尾崎世界観「クリープハイプとしては出演できない」特殊メイクで撮影に挑んだ理由とは?『ちょっと思い出しただけ』場面&メイキング写真

『バイプレイヤーズ〜もしも100人の名脇役が映画をつくったら〜』や『くれなずめ』と2021年も注目作を発表し続ける松居大悟監督が、主演に池松壮亮と伊藤沙莉を迎え、初のオリジナル脚本で贈るラブストーリー『ちょっと思い出しただけ』が、2月11日より公開される。このほど、特殊メイクで撮影に挑んだ尾崎世界観を中心とした場面写真とメイキング写真がお披露目となった。

クリープハイプの尾崎世界観が自身のオールタイムベストに挙げるジム・ジャームッシュの名作映画『ナイト・オン・ザ・プラネット』に着想を得て書き上げた新曲「ナイトオンザプラネット」。本作は、松居大悟監督が本楽曲を受けて、初となる完全オリジナルラブストーリーとして書き上げた。怪我でダンサーの道を諦めた照生(てるお)とタクシードライバーの葉(よう)。二人を中心に関わる登場人物たちとの会話を通じて、都会の夜に無数に輝く人生たちの機微を繊細かつユーモラスに映し出す。年に一度訪れるある1日を、現代を反映させつつ描いた松居監督独自の物語を完成させた。

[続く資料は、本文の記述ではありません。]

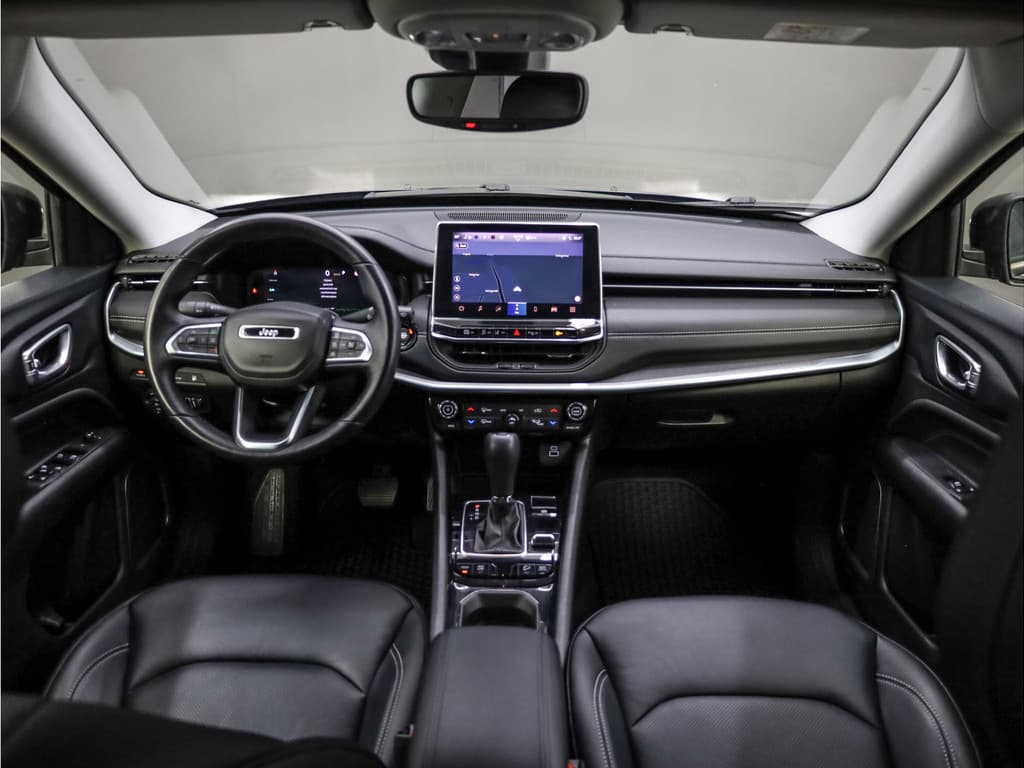 Jeep Compass 4xe 240 Plug-in Hybrid Electric S thumbnail 6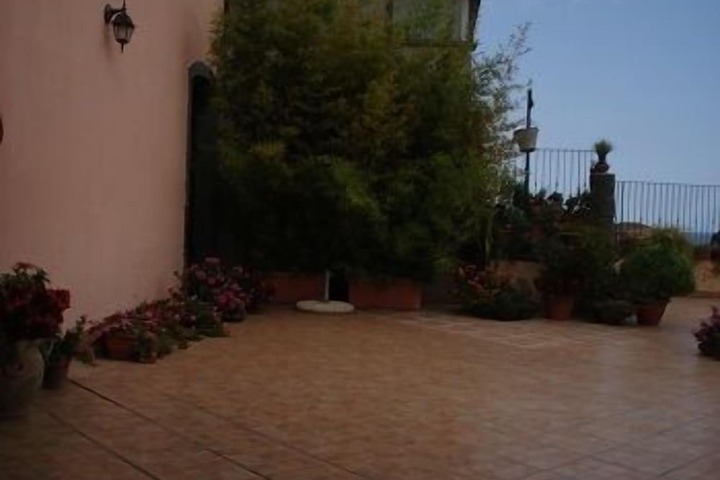 Property Grounds 12 of 14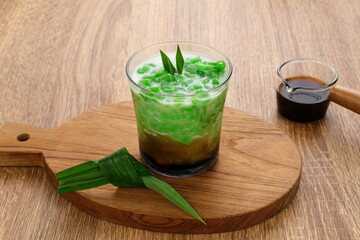 Es Cendol or Dawet is a traditional Indonesian dessert consist of cendol (made from rice flour), coconut milk and palm sugar. Popular during Ramadan.
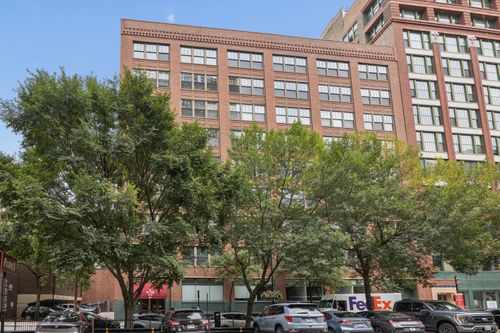 511-621 S Plymouth Ct, Chicago, IL, 60605-1856 | Card Image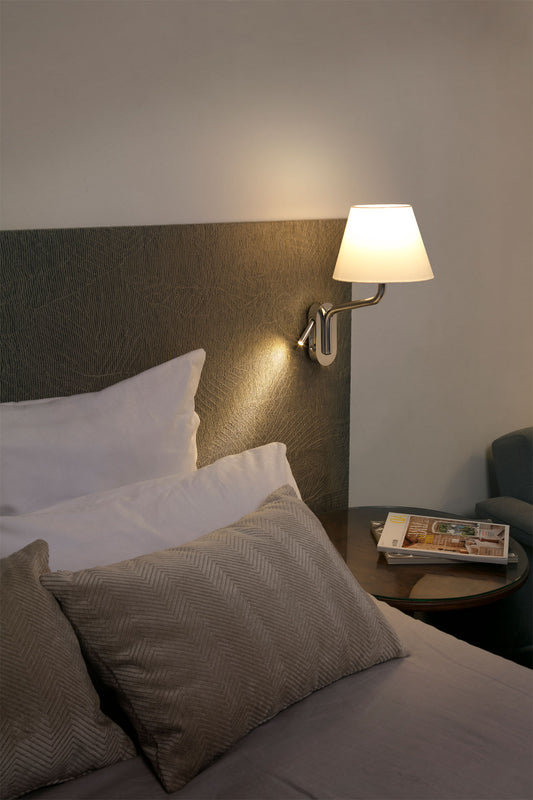 Imagen ambiente de aplique de pared Eterna de Faro modelo 24006-11 en cromo y beige con lector integrado derecho, luminaria superficie para interior hotelero en acero cromado y textil beige.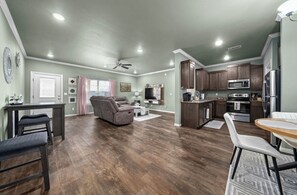 Interior - Peaceful Retreat on Houston Street (Fort Smith)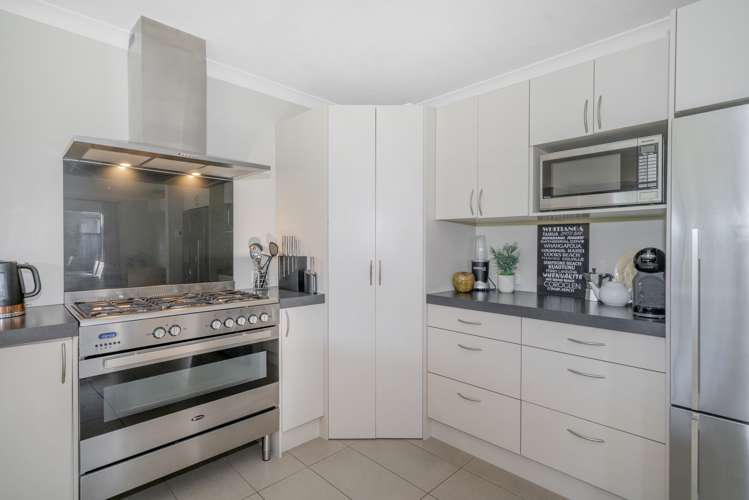 75 Cholmondeley Crescent Whitianga_10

本作の原点と言える楽曲を生み出した尾崎世界観は、主題歌の提供だけでなく、主人公・照生(池松壮亮)と葉(伊藤沙莉)の行く末を見守るキーパーソン、ミュージシャンの男役として映画にも出演する。劇中では印象的な髭を貯え、特殊メイクをしている。この特殊メイクにはある理由がある。尾崎は松居監督に役者として出てほしいとオファーされた際、「こんなに素晴らしい台本なのに自分が出ることで嘘の世界を作りたくないから、クリープハイプとしては出演できない」と一度断ったという。そこで松居監督が「ジャームッシュ映画に時々登場するトム・ウェイツ的な感じで出るのはどう?」と提案したところ「じゃあ髭生やしていい?」という声があがり出演が決定。松居監督は「劇中はクリープハイプとしてではなく、トム・ウェイツのような男率いるバンドとして登場してもらいました」と明かす。尾崎は俳優として現場にたった時間を振り返り、先日行われた東京プレミア上映会での舞台挨拶で「⻑く活動すると慣れていることばかりになるので、初めてのことは楽しかったです。皆さんにイジられながらも、役割を全うできたかなと思います」と自信を覗かせていた。

場面&メイキング写真には、池松壮亮が「一緒に同じ本を読んだり、同じ映画を観たり、そんな自分の⻘春と言っても過言ではない人たちと再会をして、⻘春に決着をつけようと思ったんです」と語るように、旧知の中である池松、尾崎、松居監督の胸熱3ショットが。さらに、高円寺で照生と葉が踊るシーンでは、ミュージシャンの男(尾崎世界観)が“ある曲”を弾き語るほか、彼率いるバンドが何曲か歌うシーンも登場する。主人公二人の行く末を見守るキーパーソンを演じた尾崎世界観にも注目だ。

『ちょっと思い出しただけ』
2022年2月11日 全国公開
監督・脚本:松居大悟
主題歌:クリープハイプ「ナイトオンザプラネット」
出演:池松壮亮 伊藤沙莉 河合優実 尾崎世界観(クリープハイプ) 成田凌 菅田俊 神野三鈴 篠原篤 國村隼 永瀬正敏
配給:東京テアトル

【ストーリー】 照明スタッフの照生(池松壮亮)と、タクシードライバーの葉(伊藤沙莉)。物語は二人が別れてしまった後から始まり、時が巻き戻されていく。愛し合った日、喧嘩した日、冗談を言い合った日、出会った日…コロナ禍より前の世界に戻れないように、誰もが戻れない過去を抱えて生きている。そんな日々を“ちょっと思い出しただけ”。